В одном лице (ЛП) - Ирвинг Джон. Страница 45

— Но при чем тут мать Киттреджа? Ты видел его мать? Она вообще не похожа на мать. Она похожа на кинозвезду в каком-нибудь старом фильме, которая потом оказывается ведьмой или драконом! — заявил Аткинс.

— Не понимаю, о чем ты, — сказал я ему.

— Женщина, которая когда-то была настолько красивой, никогда не смирится с тем, как… — Аткинс остановился.

— Как течет время? — догадался я.

— Да! — воскликнул он. — Такие, как миссис Киттредж, ненавидят юных девушек. Киттредж так сказал, — добавил Аткинс. — Его отец бросил его маму ради женщины помоложе — не красивее, а просто моложе.

— А-а.

— Не могу себе представить, каково это — путешествовать с матерью Киттреджа! — воскликнул Аткинс. — У Элейн будет отдельная комната? — спросил он меня.

— Не знаю, — сказал ему я. Я как-то не задумывался о том, что Элейн может жить в одной комнате с миссис Киттредж; одна мысль об этом вызвала у меня мурашки. А что, если она не мать Киттреджу, да и вообще никому? Но нет, она просто обязана быть матерью Киттреджа; эти двое никак не могут не быть в родстве.

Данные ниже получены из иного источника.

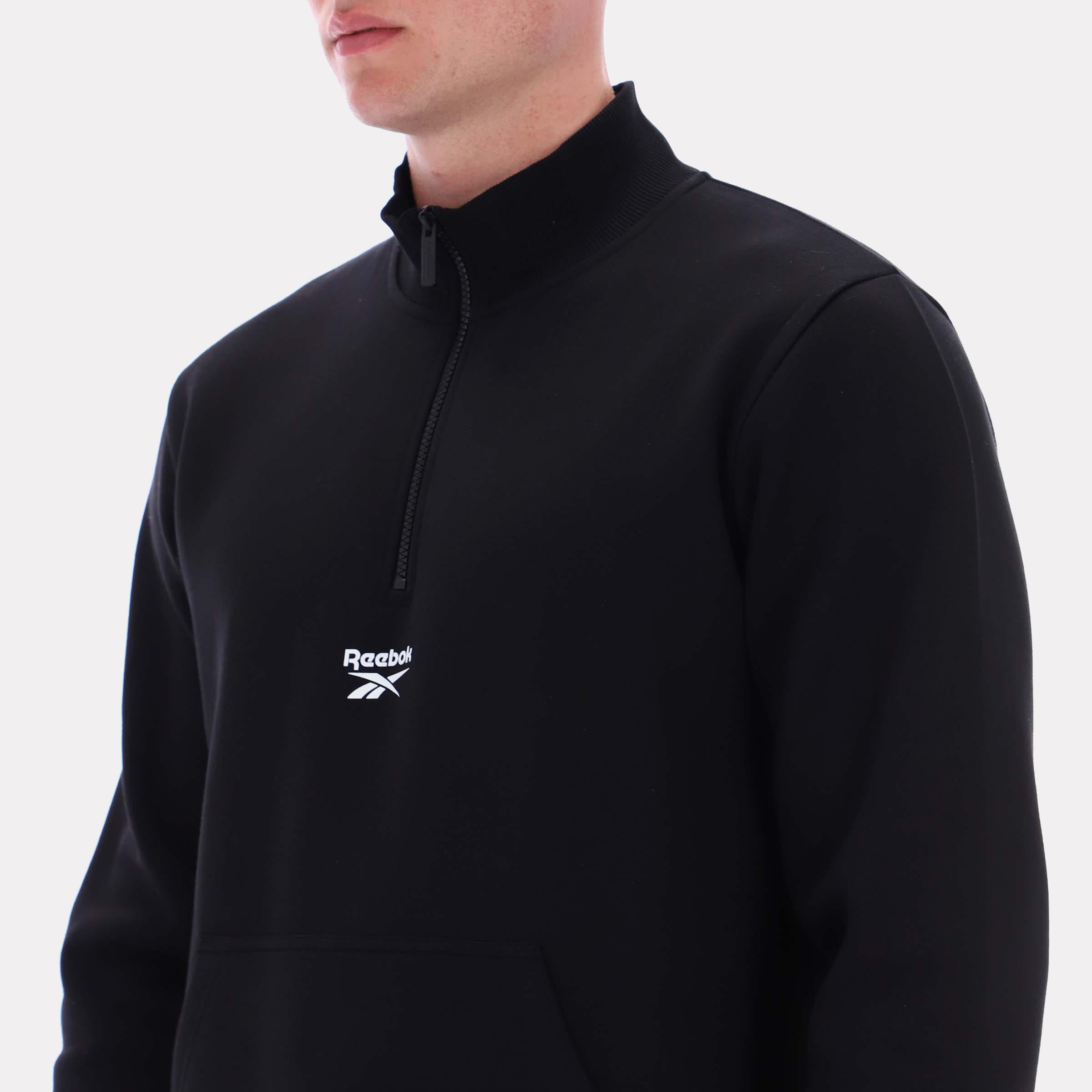 Reebok Apparel  Men's Asher Small Logo Qtr Zip Top Reebok Classics App Men Black Reg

Аткинс протиснулся мимо меня и начал подниматься по лестнице. Я спустился еще на пару ступенек; мне казалось, что разговор окончен. Неожиданно Аткинс произнес:

— Не все здесь понимают таких, как мы с тобой, но Элейн понимала — и миссис Хедли тоже.

— Да, — только и сказал я, продолжая спускаться по ступенькам. Я старался не углубляться в размышления над тем, что он имел в виду под «такими, как мы», но я был уверен, что Аткинс подразумевал не только проблемы с речью. Он что, пытался подкатить ко мне? — думал я, пока шел через двор. Это что, был первый подкат от парня вроде меня?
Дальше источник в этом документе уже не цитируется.